We live in a world where some countries enjoy a material abundance beyond the wildest dreams of our forefathers. Such countries are rich because they are productive. The sources of that productivity–growing markets, technological improvement, and investment in human beings (human capital)–all play an important part in increasing productivity. The new growth economics literature has formalized some of these findings, but economic historians, development economists, and specialists in growth accounting have broadly understood them for some time.

By any standard of measurement much of the world's population is still poor, with individuals subsisting on less than two dollars a day. The disparity between the well-being of the average person in the developed world, where per capita annual income may exceed $20,000, and that in low-income countries such as Haiti or most of sub-Saharan Africa, where it may be under $500 a year, is striking, especially when one sees up close the living conditions associated with such poverty.
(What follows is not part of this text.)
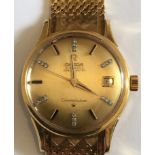 Vintage 18 karat Gold Omega Automatic Chronometer Constellation with diamond bezel -working cond.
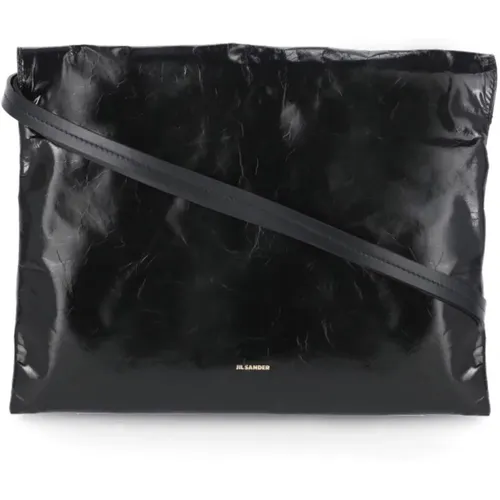 Leather Shoulder Bag with Contrasting Logo , female, Sizes: ONE SIZE - Jil Sander - Modalova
How do we account for the persistence of poverty in the midst of plenty? If we know the sources of plenty, why don't poor countries simply adopt policies that make for plenty? The answer is straightforward. We just don't know how to get there. We must create incentives for people to invest in more efficient technology, increase their skills, and organize efficient markets. Such incentives are embodied in institutions. Thus we must understand the nature of institutions and how they evolve.

Institutions are the framework that humans create to structure human interaction. They are made up of formal rules (constitutions, laws, and regulations) and informal constraints (conventions and norms of behavior) and the way both are enforced. Well-specified property rights that reward productive and creative activity, a legal system that enforces such laws at low cost, and internal codes of conduct that are complementary to such formal rules are the essential underpinning to productive economies. But well-specified property rights and an effective legal system are the creation of the political structure. Unfortunately, we do not know how to put such a political structure in place. Informal norms of behavior that make for honesty, integrity, and hard work are the product of long-term human interaction; we do not know how to create them in the short run. The result has been that efforts to improve the performance of poor countries have been something less than a rousing success. Sub-Saharan Africa remains a basket case, and our efforts to transform the diverse parts of the former Soviet Union into productive economies have so far been a dismal failure. But we are getting a better understanding of the process of political-economic change. The sources of informal constraints such as norms of behavior are a major modern priority in the social sciences and down the road will result in accelerating the reduction of poverty.